Comme j'y retrouve beaucoup des impressions ressenties lors de trop rares interviews du personnage, je dépose ces mots ici :
"Nerveux, cabochard, autoritaire, Bartabas aime se cabrer comme ses chevaux, pour impressionner. Mais l'ombrageux patriarche du théâtre Zingaro et le chef d'orchestre de l'Académie de Versailles n'a rien d'une diva. Il se méfie des hommes, tout simplement. L'artiste a trouvé sa matière dans le cuivré des robes équines, dans les pas de danse des chevaux, dans la fuite, perpétuelle, d'un galop.

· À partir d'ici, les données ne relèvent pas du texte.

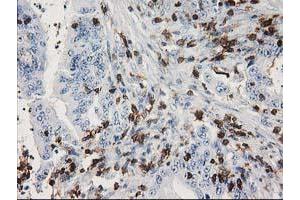 Immunohistochemical staining of paraffin-embedded Adenocarcinoma of Human colon tissue using anti-DEF8 mouse monoclonal antibody. (DEF8 Antikörper)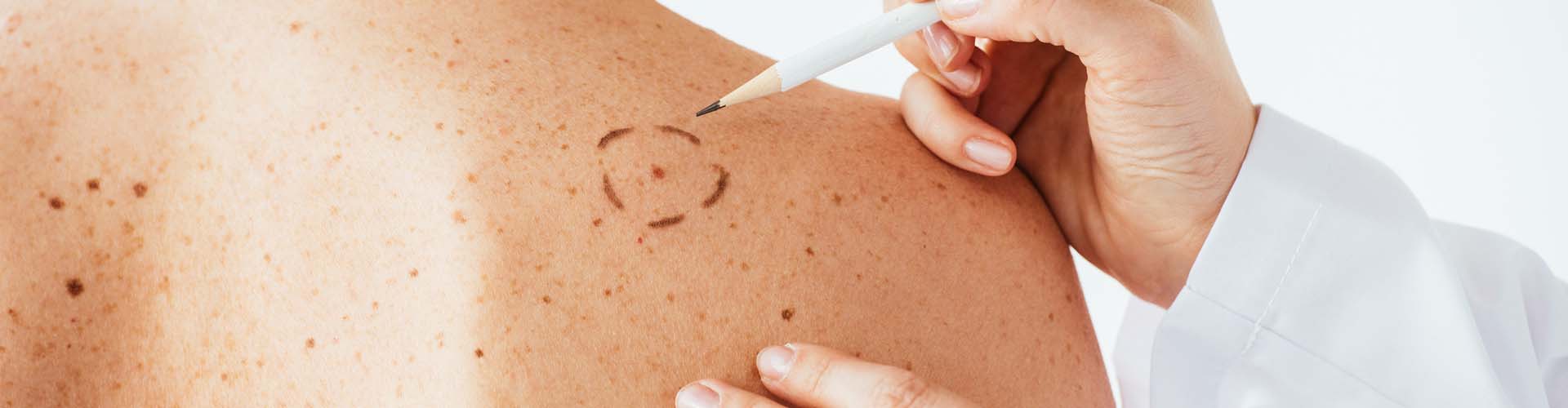 Surveillez vos grains de beauté Quand consulter un dermatologue ? Giropharm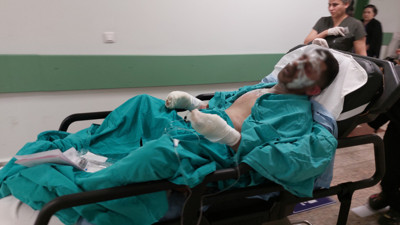 Yaktığı Ateşe Döktüğü Tiner Az Daha Canından Ediyordu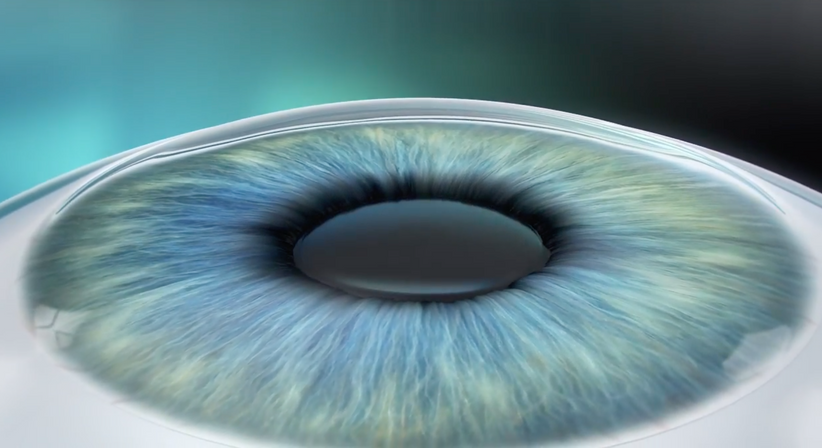 ICL – Implantierbare Collamer Linse - Prof. Dr. Dr.  Nikolaus Luft, FEBO, FWCRS - Augenarzt Linz 4020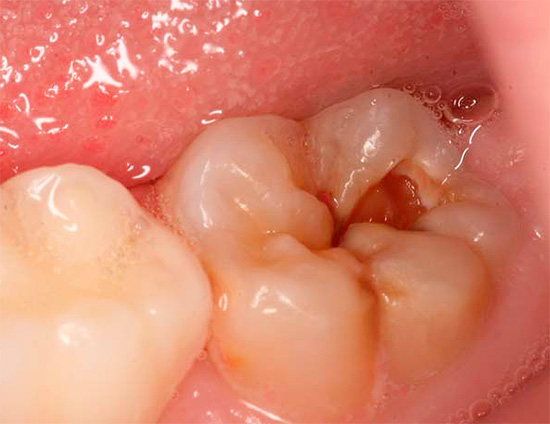 The most common cause of pulpitis, including chronic, is deep caries.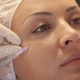 Facial mesotherapy: what is it and how is it done?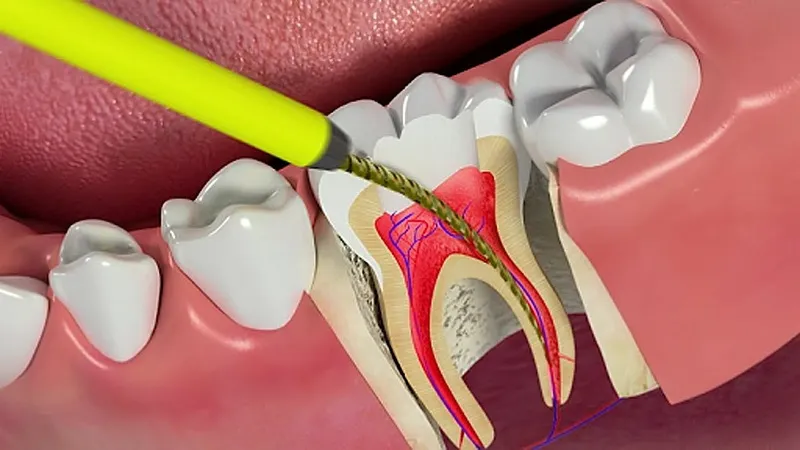 Đau răng, viêm tuỷ sát Tết – Nên xử lý thế nào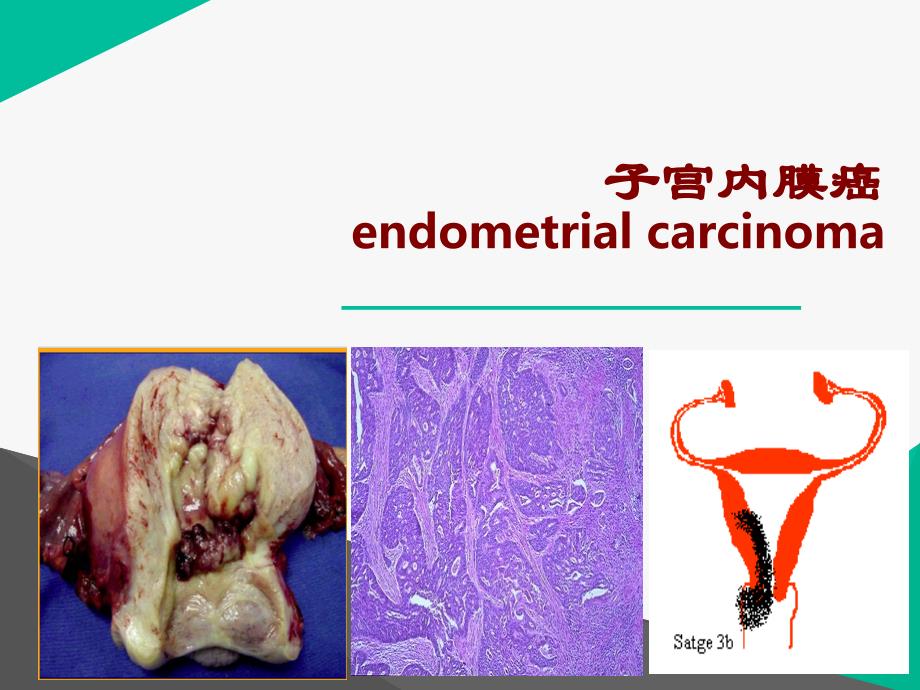 妇科学教学课件：子宫内膜癌_第1页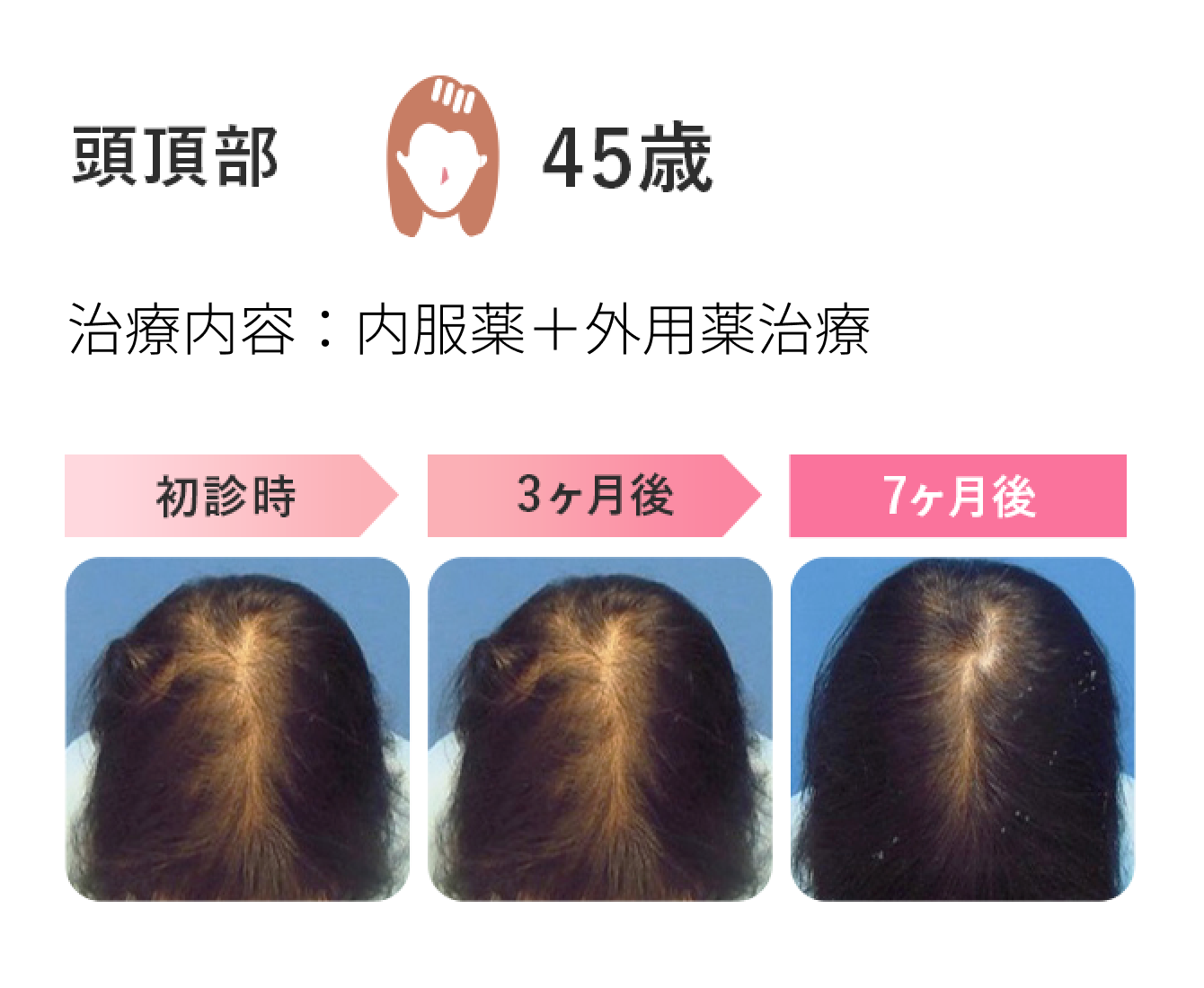頭頂部　45歳　治療内容：内服薬＋外用薬治療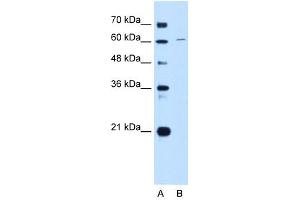 CDT1 antibody used at 1 ug/ml to detect target protein. (CDT1 antibody  (C-Term))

On dit d'un cheval qui a un bon mental, ou une "bonne tête", qu'il est "franc". Bartabas est de cet acabit. La fourberie ne fait pas partie de son répertoire. Tout simplement parce qu'à cheval, on ne ment pas. Si sa stature impressionne, c'est pourtant en selle que Bartabas est entier. Comme l'albatros, pataud sur les planches du bateau, l'homme est gauche sur ses seuls pieds. Brusque et farouche. A dos de ses âmes soeurs, il se fond dans l'animal pour ne faire plus qu'un. Sa grande silhouette devient centaure. Qui du cheval ou du cavalier tourbillonne alors ? Qu'importe ! Bartabas est le gardien d'un monde où le silence est la langue officielle, où les murmures des chevaux font la loi, où l'art, éphémère, prend vie." (Source Evène.fr)
J'ajoute enfin un lien vers la très belle et virulente lettre ouverte qu'il a adressée en décembre 2007 à Christine Albanel, Ministre de la Culture.
http://tempsreel.nouvelobs.com/actualites/opinions/20080102.OBS3036/les_raisons_de_la_colere.html
Ecrit par : Miss You | 02 septembre 2008
si je ne me trompe pas, j ai vu un reportage sur lui où il explique son rêve d enfant, d être centaure ! La vie dit-il m a exaucé ! Il fait corps avec son cheval depuis son accident, disant de sa communion avec lui : " je sens ses sabots dans la poussière ", ou quelque chose comme ça. Il parle aussi de façon très forte d être un avec lui. Ce corps à corps qui a aussi fait revivre son propre corps, que le cheval est le prolongement de lui même dans ses jambes. Enfin c est vrai que moi j ai adoré cette force, cette volonté, cette rigueur, cette vivacité, bref tout !
Et puis en plus il joue à ravir du piano !
Ecrit par : sampang | 02 septembre 2008
J'ai eu le grand plaisir de voir en mai 2007 avec Miss un spectacle de Bartabas à Nîmes, présenté par les élèves de son école d'équitation de Versailles.
Il est apparu pendant deux minutes complètement à la fin, dans la pénombre, ne faisant qu'un avec sa monture. On ne voyait plus que lui, le reste du monde semblait se figer. Et aucun doute, il était un centaure.